Published on
The Sydney Morning Herald

Girl Power Takes on Selfishness

Jessica Irvine

The official photo gallery of Elinor Ostrom, joint winner of this year's Nobel memorial prize in economics, says it all. In one picture, she stands behind a lectern in a tie-dyed T-shirt, gesticulating wildly with her right arm. In another, she squats for a portrait in traditional Nepalese garb in an otherwise male group studying local irrigation systems.

It is no coincidence the same year that brought us the global financial crisis brought us the first female winner in the prize's 41-year history. Economics is changing.

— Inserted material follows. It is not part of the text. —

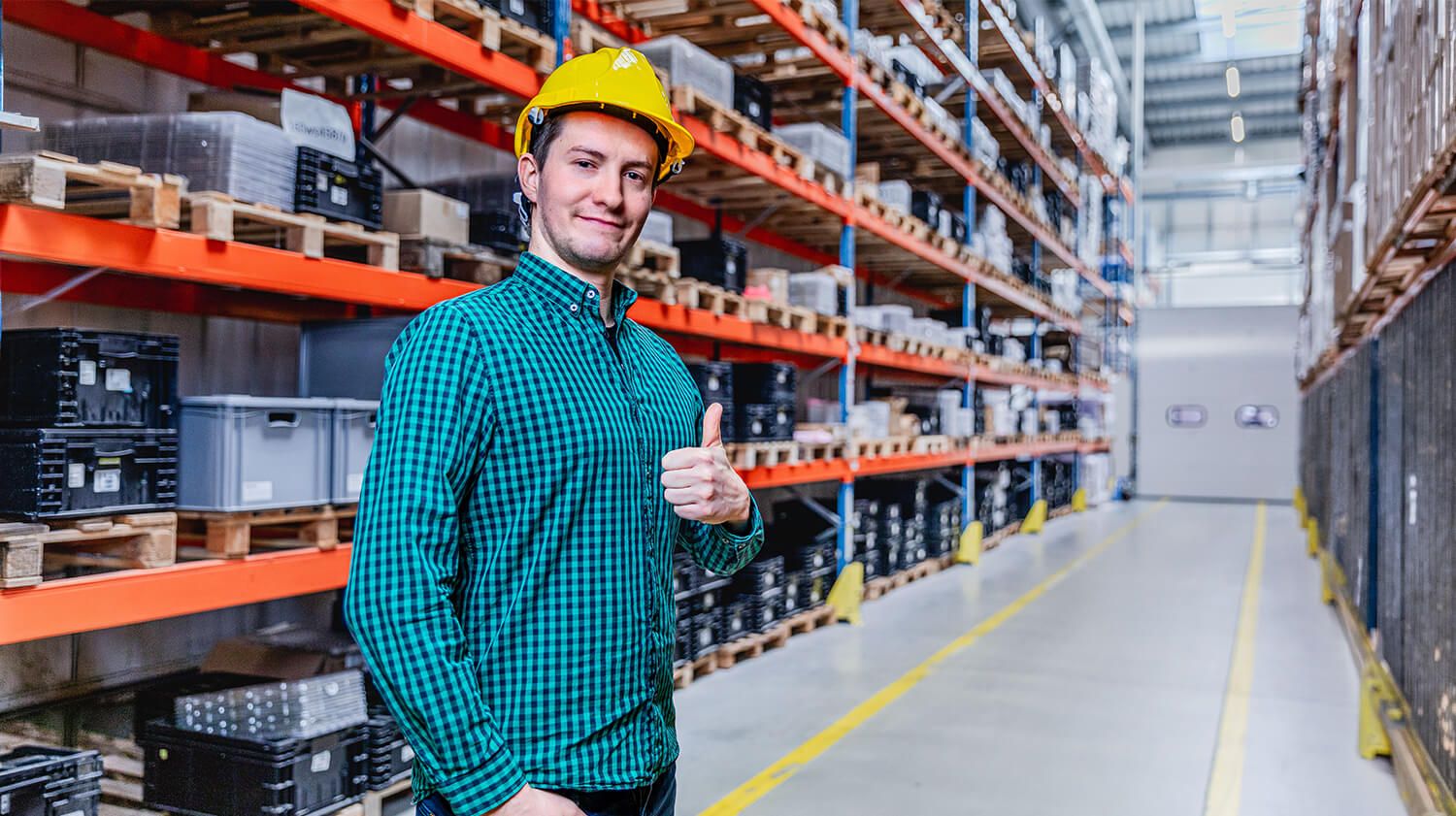 A smiling warehouse worker giving a thumbs-up highlights the importance of good lighting for comfort and productivity at work.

Once considered the domain of men in tweed jackets constructing abstract models of the world, a new breed of economics, fermenting for a couple of decades, burst into the spotlight recently thanks to greedy Wall Street types who carelessly exposed the pitfalls of a loosely regulated free market.

Now Ostrom, a 76-year-old American professor of political science specialising in community-based and self-managed eco-systems, is one of our leading economic lights. When asked if it was important that a woman won, she was unequivocal: ''Of course! Someone at my age has lived through an era in which women were discouraged from going to graduate schools at an earlier juncture and so it is a great satisfaction. There are many, many women out there who will be winning the prize in the future.''

One up for girl power. But more important is the traditionally female approach she has applied to studying systems of economic governance. She took economics' traditional rational man, or ''homoeconomicus'', and refashioned him to better resemble real humans, adding a softer, more community-minded edge.

She is most renowned for her work investigating how societies manage ''the commons'', scarce shared resources such as pastures, fish stocks, groundwater basins and the atmosphere. It is a response to the 1968 book by the biologist Garrett Hardin The Tragedy of the Commons.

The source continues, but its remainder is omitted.